The 2/15, was ordered to march the 25 kilometres to their new compound, Birdwood Camp, a short distance from the gaol and Serlarang Barracks. In May 1942 the Imperial Japanese Army ordered a select force of 3,000 men for an 'overseas party' – destination not stated. This party of men were to be known as 'A' Force. NX19147 Gunner Leonard Keith Baker was to be a member of that force. Three thousand prisoners were forced to board two small cargo ships, the Toyohasi Maru and the Celebes Maru. The majority of the men were forced down into the holds with no light and very little air. The convoy sailed along the coast of Burma (Myanmar) and after eight days the convoy stopped at Mergui, disembarked then forced to march to Tavoy to work on the British aerodrome. The days dragged by and by the end of September the work on the aerodrome was finished. “A” Force was then ordered to march to Tavoy wharf and were then loaded aboard barges and a tramp steamer and after 28 hours sailing arrived at Moulein. The next morning they travelled by train to Thanbyuzayat. 

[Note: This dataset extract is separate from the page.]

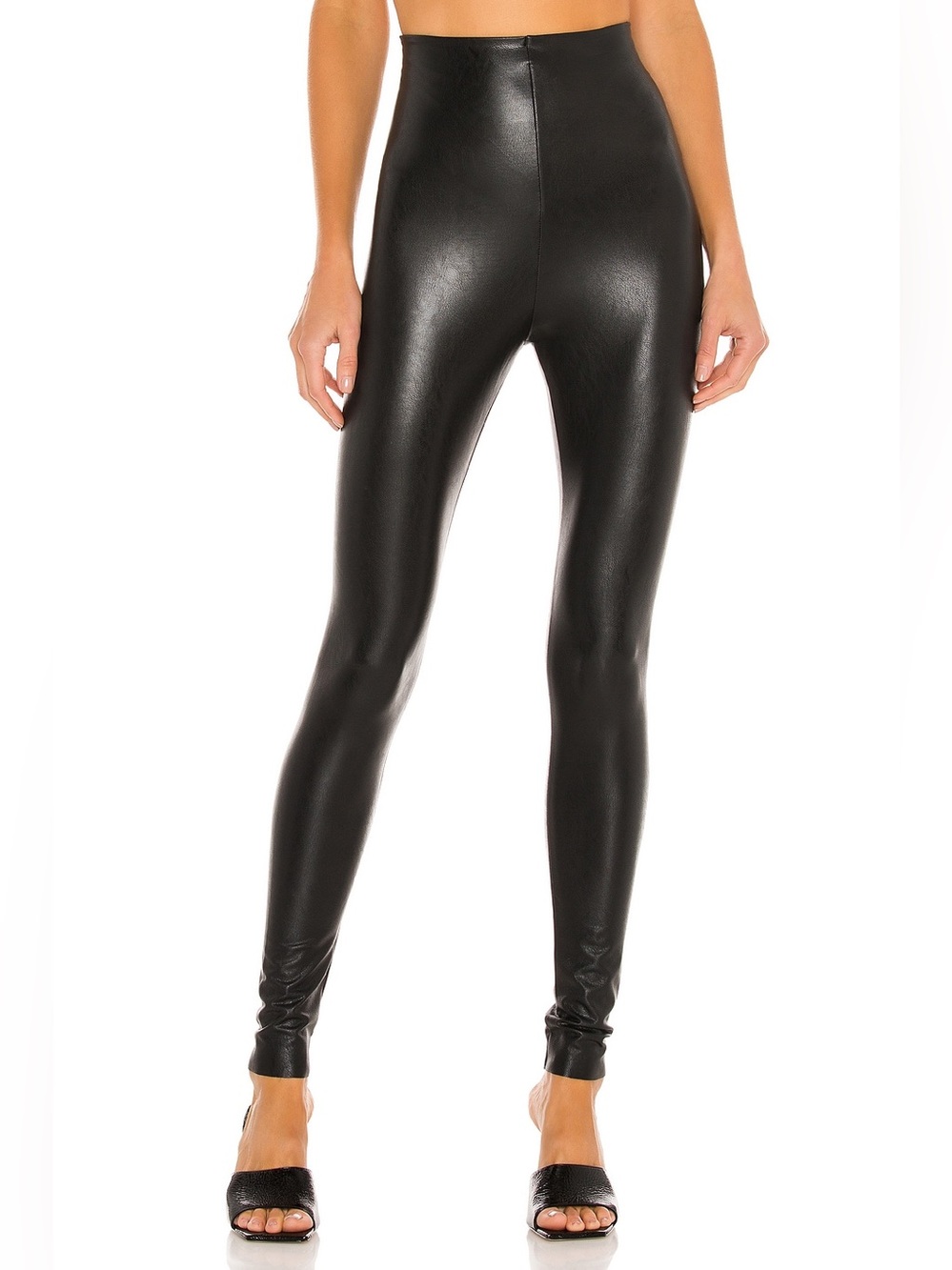 Commando Black Perfect Control Top Faux Leather Leggings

October saw the group march to Hlepauk, the first camp along the planned railway route. Other Australian, British and Dutch POWs were positioned along the railway route in camps. The men traded the little possessions they had with the Burmese, Japanese and Korean guards for food, until they ran out of their treasures. With Christmas approaching, Baker prepared to spend his first Christmas as a POW. Christmas Day 1942 was celebrated, an Aussie band played and Christmas carols sung. On the 3rd of January 1943, Baker's party moved from Hlepauk to their next camp at Tan Yin (35 Kilo Camp). The Japanese forced the men to work from dawn to 1900 hours daily, with only a few breaks. The Japanese also began increasing the daily quota of men required to work forcing the sick to make up the numbers. Rationing was getting worse with the men receiving only, on average, 50 grams of meat and some watery rice a day.

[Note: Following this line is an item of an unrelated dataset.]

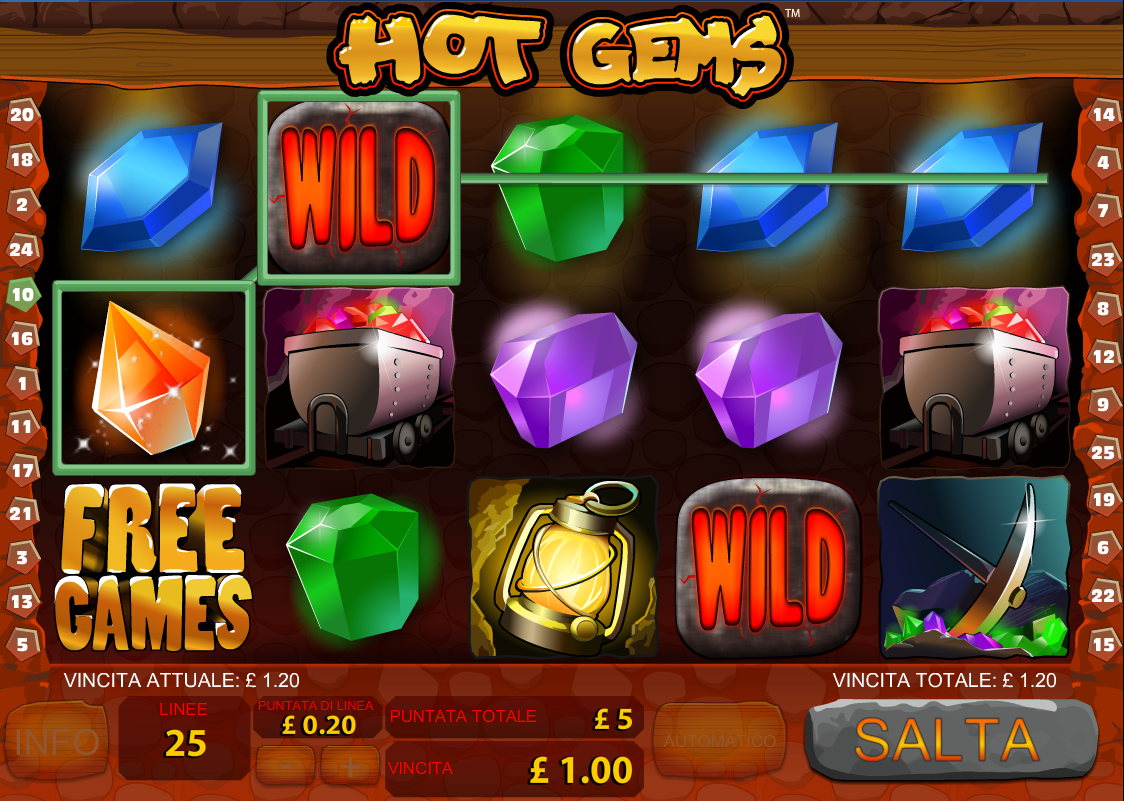 Gems slot machine game cai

On the 8th March Baker's party set off north with other groups of POWs and arrived at their next camp at Kun knit kway. At this camp the rations were maggot-infested and flies and filth everywhere. The work on the line continued. By July 1943 the section of the line had been laid and the men was ordered to their next camp at Mizale (70 Kilo camp) which was the foulest camp they had experienced to date. Captain Rowley Richards, “A” Force's RMO, (Regimental Medical Officer) described in his book, A Doctor's War the condition of the men in the camp:

“Even if the majority of our men escaped Cholera, how, questioned,could they survive the 'killer cycle' of malaria, dysentery and beriberi on top of starvation, hard labour and acts of brutality, all the while watching comrades die around them?”

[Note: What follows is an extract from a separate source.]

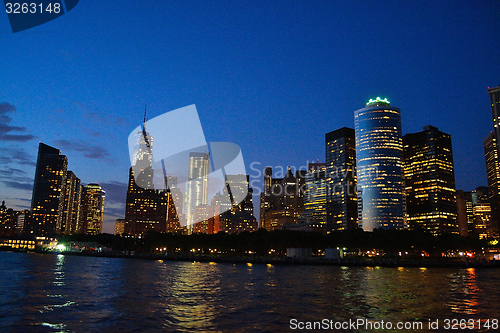 Image of Lights at the Financial district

With this section of the line finished, Baker and his party were ordered to their next camp at Apparon (80 Kilo camp.) On the 25h August 1943, starved, emaciated and suffering from septicaemia, NX19147 Gunner Leonard Keith Baker died in this God-forsaken camp. He probably had only a mate who tended to him until the end ― one of the thousands of Australians who made the ultimate sacrifice during World War Two. 

Gunner Baker is buried In the Thanbyuzayat War Cemetery, Myanmar (Burma).

Today, his grand-nephew, a Vietnam Veteran of the 5th Battalion RAR, proudly wears his uncle's campaign medals on his right breast every Anzac Day to pay tribute and in remembrance of an uncle he never knew.